Whilst I hadn’t trained for GODZone specifically, (not much preparation can occur in 6 days) but I was fit, strong and most importantly had total belief in my abilities that I would get through it.
It wasn’t the first time I’d done a crazy adventure off the cuff. My most recent was when I decided to cycle solo from the top of Scotland to the bottom of England on an old bike that cost $140. Although it was summer, it still snowed and my little tent that I pitched on the side of the road didn’t quite cut it! I warmed myself up by using hand driers in bathrooms of villages I rode through, even getting so desperate I padded myself with newspaper for insulation. It actually worked a treat along with the tin foil on my feet! So whilst this was a little more self inflicted, I knew that this experience would put me in good steed for dealing with some of the toughest terrain and weather New Zealand can throw at you. I love being outside my comfort zone and challenging myself to bigger and better things, and therefore I live by two sayings “The body will go where the mind wants it to” and “The magic of life exists outside your comfort zone.” So taking on GODZOne with 3 strangers on 6 days notice took me outside of my comfort zone, so I was super excited for the experience. I recently set up a business RE-IGNITE LIFE, which aims to help people tackle fears and doubt in achieving their dreams and goals. In achieving a big goal (such as competing in GODZone) you walk away with benefits that can never be taken away from you. And being true to myself, my business and my values, this was one of the reasons why I felt I just had to put my hand up to compete at GODZOne.

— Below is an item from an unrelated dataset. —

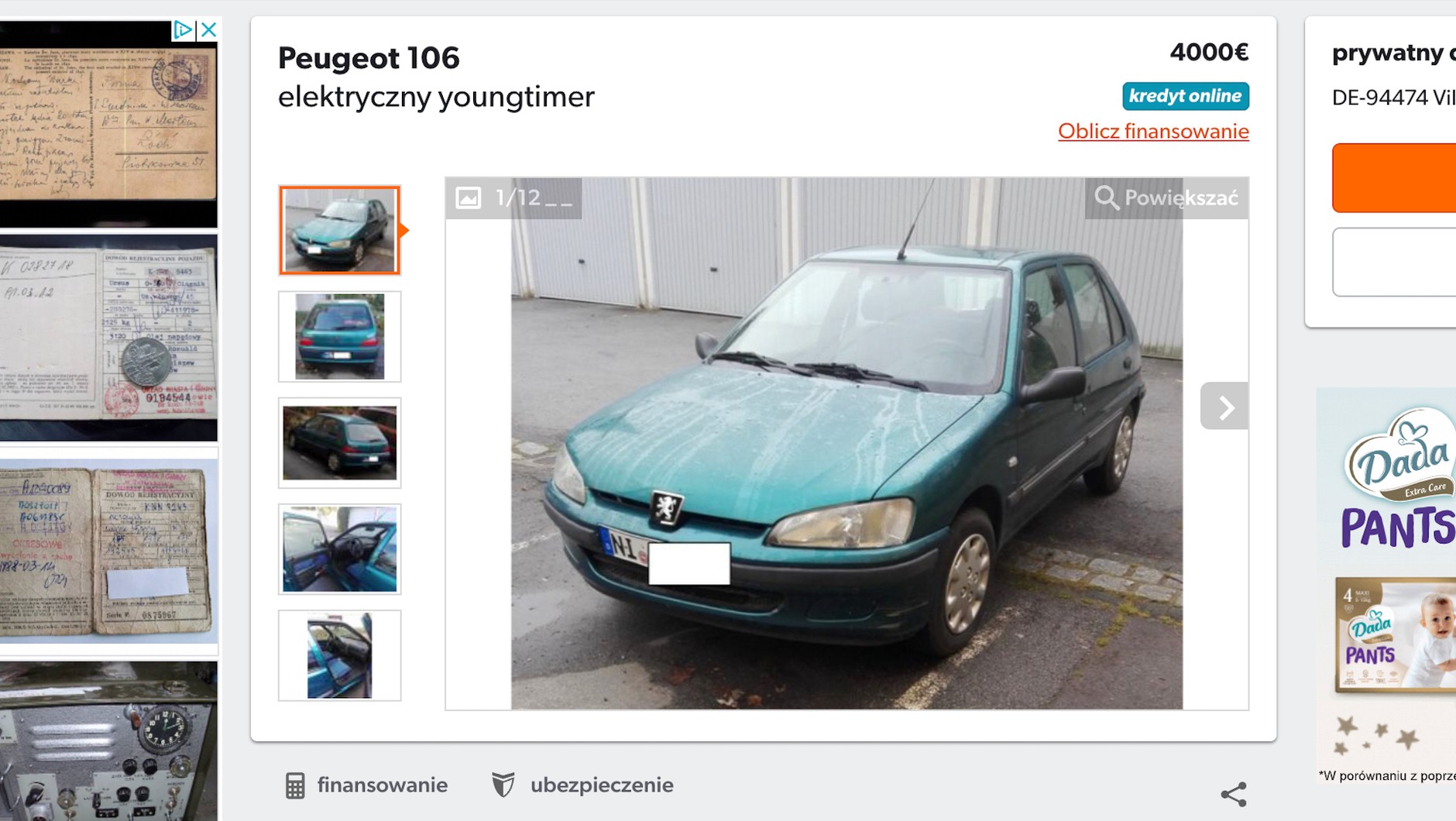 Elektryczny Peugeot 106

Do you have any other impromptu adventures planned in 2014?
I am absolutely certain some adventures will pop up un-expectantly that I will jump into head first. I have actually looked ahead and am now training for GEOQUEST, a 48 hour Adventure Race in NSW which I’ll complete with the Tiger Adventure team in June. I’m also being trained by Matt Murphy, the star of the ESPN TV Series Search4Hurt in Obstacle Racing. We are preparing for the Aussie Championships (both the 10km and 24 hour course) and hopefully heading to America to take on the World Championships later in the year. This is a particular challenge for me as I’ve only ever completed in one Obstacle Course (London Tough Mudder) and this was in a very social manner, and to be ready for the world championships in September will mean going on a very exciting and challenging journey!
What was your favourite moment during the race?

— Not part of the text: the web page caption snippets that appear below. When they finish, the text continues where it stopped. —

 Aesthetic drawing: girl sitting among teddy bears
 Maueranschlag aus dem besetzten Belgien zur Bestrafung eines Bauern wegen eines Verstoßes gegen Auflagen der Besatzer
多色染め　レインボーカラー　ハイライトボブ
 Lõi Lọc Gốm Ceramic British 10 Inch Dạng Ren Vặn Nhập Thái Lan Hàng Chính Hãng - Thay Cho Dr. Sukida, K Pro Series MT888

I don’t really have a single favourite moment, but the amazing radiant, sparse, isolated beauty of the landscape we were racing through formed the backdrop of many great experiences.

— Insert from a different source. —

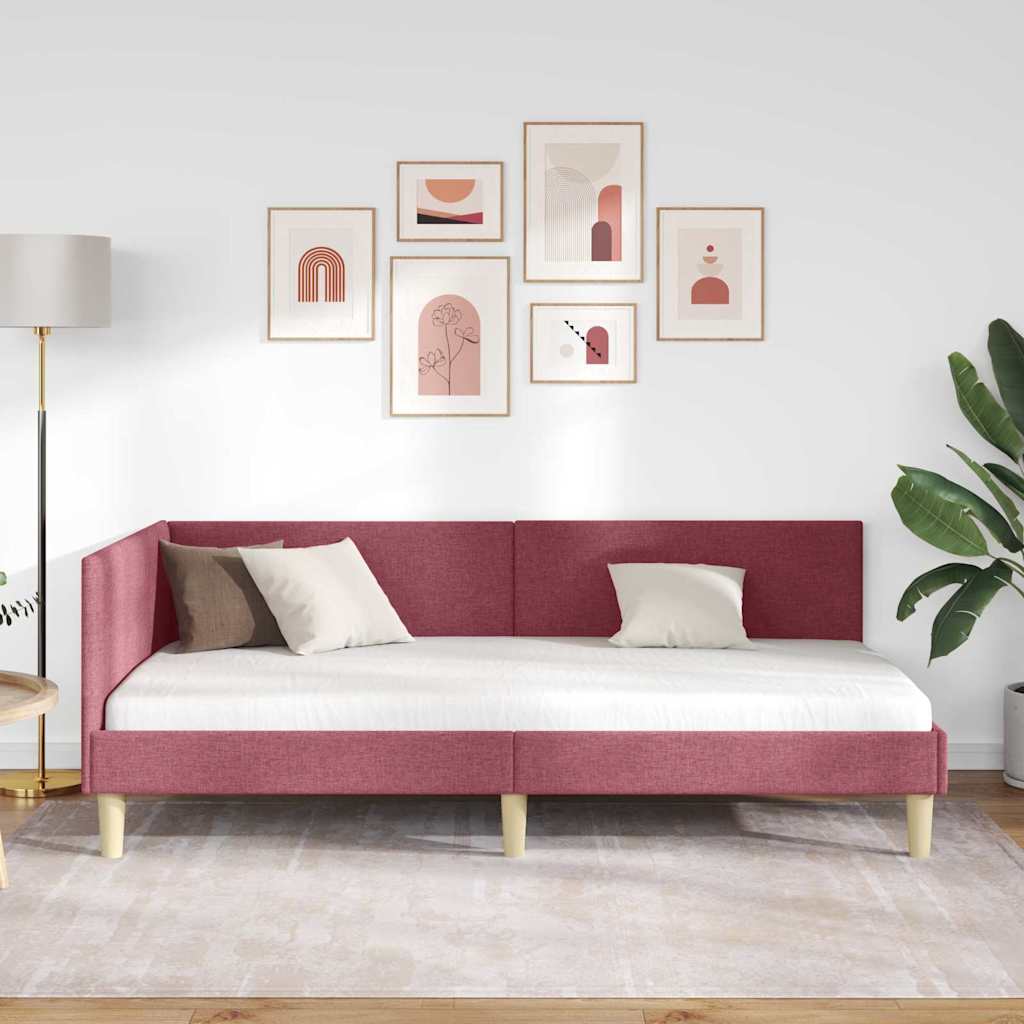 Kutni okvir kreveta s uzglavljem Vinska crvena 80 cm x 200 cm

However, there was one event during the mountain bike section that was a key enabler of our team and turning point of how we achieved what we did. We had set off to bike along Molesworth Station at 430am and the temperature was absolutely freezing. It was not helped by having wet shoes so they were so cold it felt like someone had clamped their teeth down on my toes – painful just doesn’t cut it! However at around 630am the sun started to rise. The heat it brought along with the stunning colours and scenery was inspiring. It was hard not to be awe struck and moved by such incredible scenery backed by a deep clear blue sky. The contrast between the cold and sore, and the warm and beautiful was intense, it energised my body making me feel like I had so much energy and excitement and felt so grateful to be part of the race. But this was also a time where one of the team was struck down with crippling cramps and zapped of energy and we all faced a tough decision to either stop or keep pushing on. Feeling invigorated I urged him to allow me to tow him so as a team we could keep going. After I got him on a tow rope, the team felt united and able to share our strengths and weaknesses; but it also made me personally feel strong, purposeful and proud to be able to assist the way in which I did.